FUKUSHIMA – The operator of the crippled Fukushima No. 1 nuclear complex began work Tuesday to extend an underground ice wall to prevent contaminated water increasing at the site.
The coolant-filled wall is designed to prevent groundwater from seeping into the facilities and coming into contact with melted nuclear fuel or becoming mixed with highly contaminated water inside reactor buildings.
The government has spent about ¥35 billion ($320 million) on the project. Work by Tokyo Electric Power Company Holdings Inc. to freeze the wall began in March last year.
On Tuesday, the utility opened valves to circulate coolant for the remaining section of the 1.5-kilometer-long, 30-meter-deep wall around the four reactor buildings.
Tepco is expected to complete the wall possibly this fall by cooling the remaining portion on the west side of the buildings, a section stretching for about 7 meters.
About 400 tons of water was initially flowing into the buildings per day, but the amount has fallen to 120 to 130 tons this year, according to Tepco. The utility aims to slash the daily inflow of groundwater to less than 100 tons with the full operation of the ice wall.
Pipes have been inserted into the ground to circulate coolant and freeze the nearby soil. Since starting the freezing work in March last year, the operator has gradually expanded the ice wall as freezing the entire wall at once could change the groundwater level, possibly causing highly radioactive water in the basements of the buildings to leak.

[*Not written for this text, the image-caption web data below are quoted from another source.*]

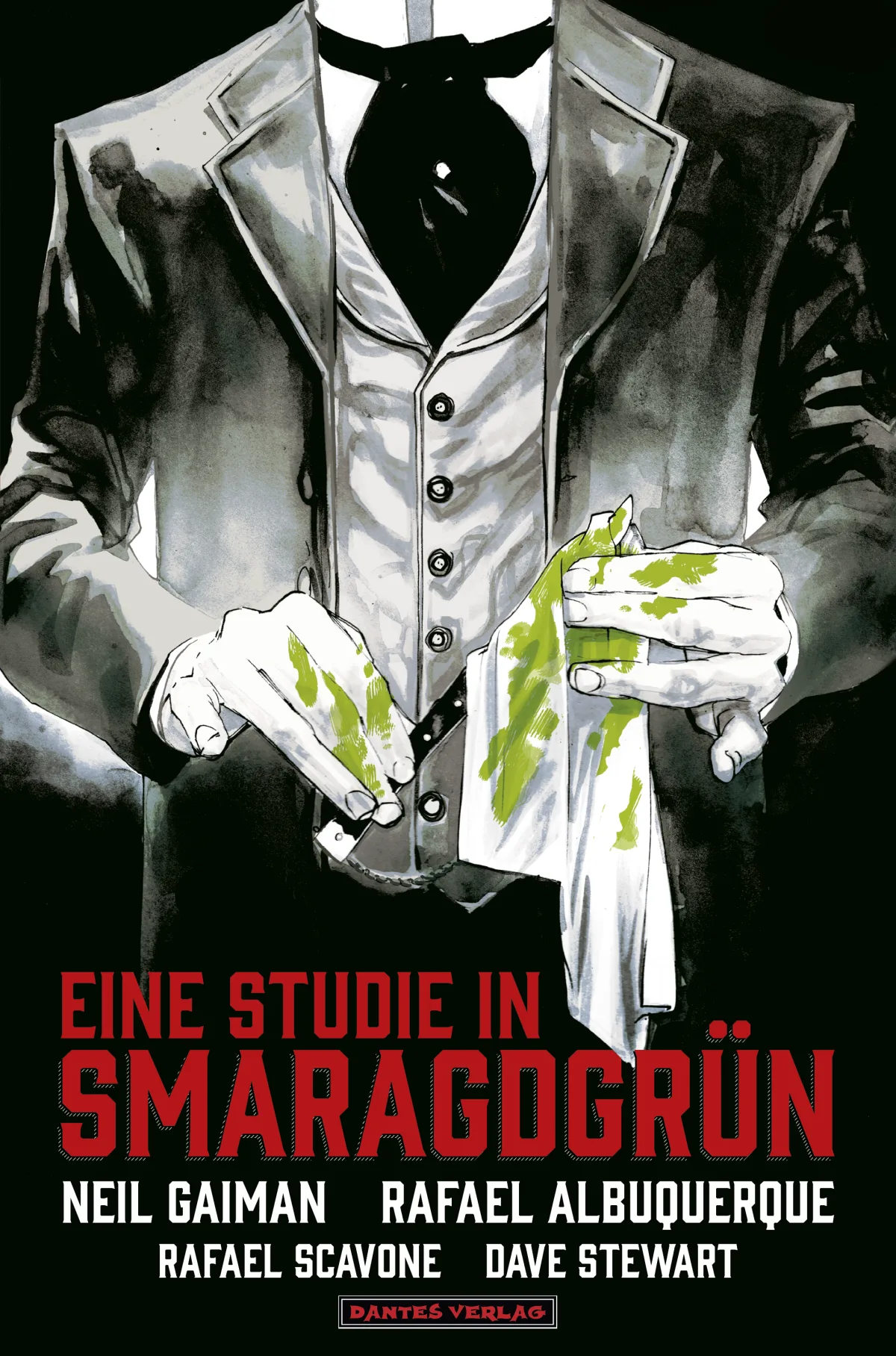 Cover: Eine Studie in Smaragdgrün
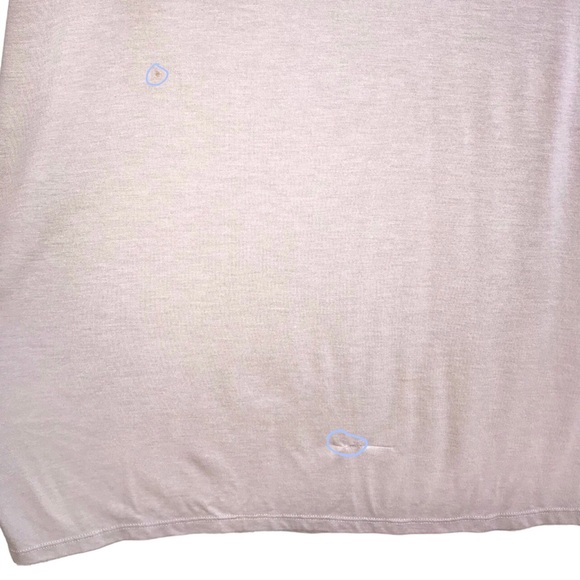 Mickey & Jenny Oat Asymmetric Tiered Ruffle High Neck Sleeveless Maxi Dress - Picture 6 of 6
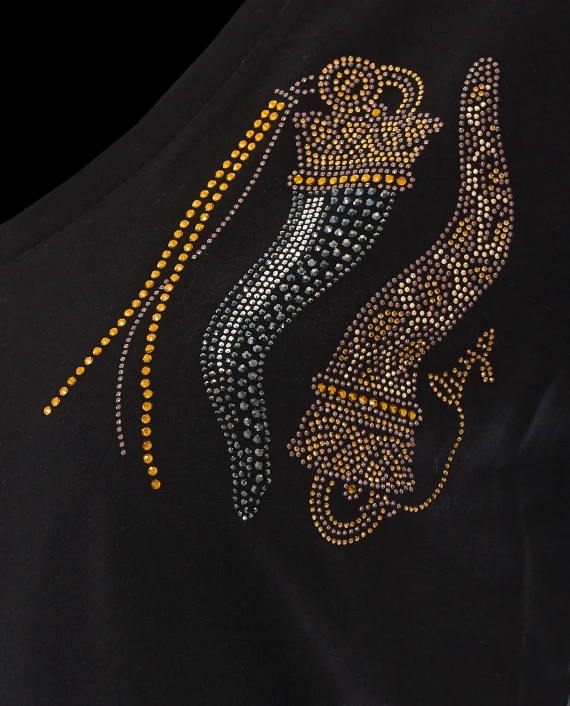 T-shirts and Polos Black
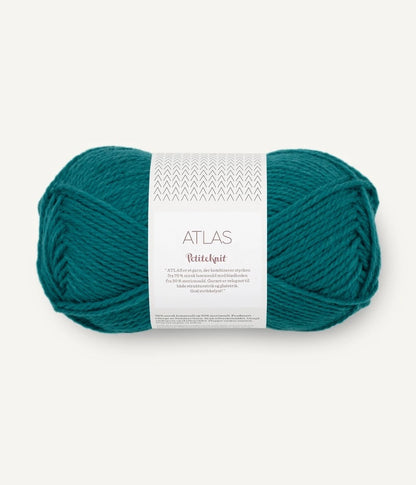 Atlas by PetiteKnit | pehme ja vastupidav Norra villast meriinoga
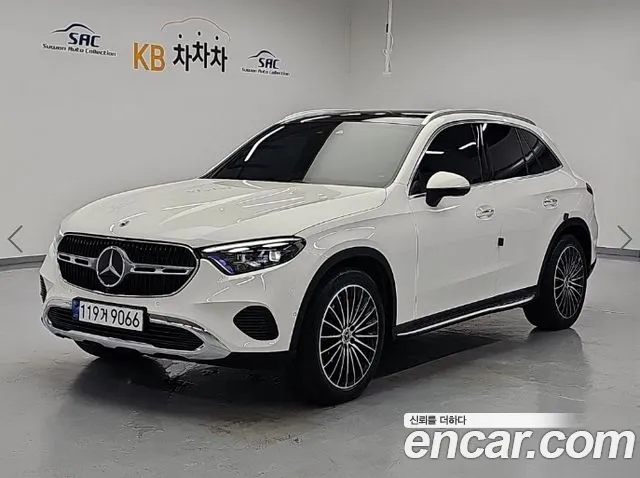 Фотография автомобиля — Mercedes-Benz GLC-Class X254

“We want to carefully freeze (the wall) by monitoring water levels both inside and outside the reactor buildings,” a Tepco official told a news conference in the city of Fukushima.
Some experts have cast doubt on the ice wall’s effectiveness. Cleaning up the world’s worst nuclear accident since Chernobyl in 1986 is expected to take decades.
On March 11, 2011, a magnitude 9.0 undersea earthquake off the Tohoku coast sparked a massive tsunami that swamped cooling systems and triggered three reactor meltdowns at the Fukushima plant.
Workers had to keep pouring water onto the reactors to prevent the temperature of the nuclear fuel from rising uncontrollably.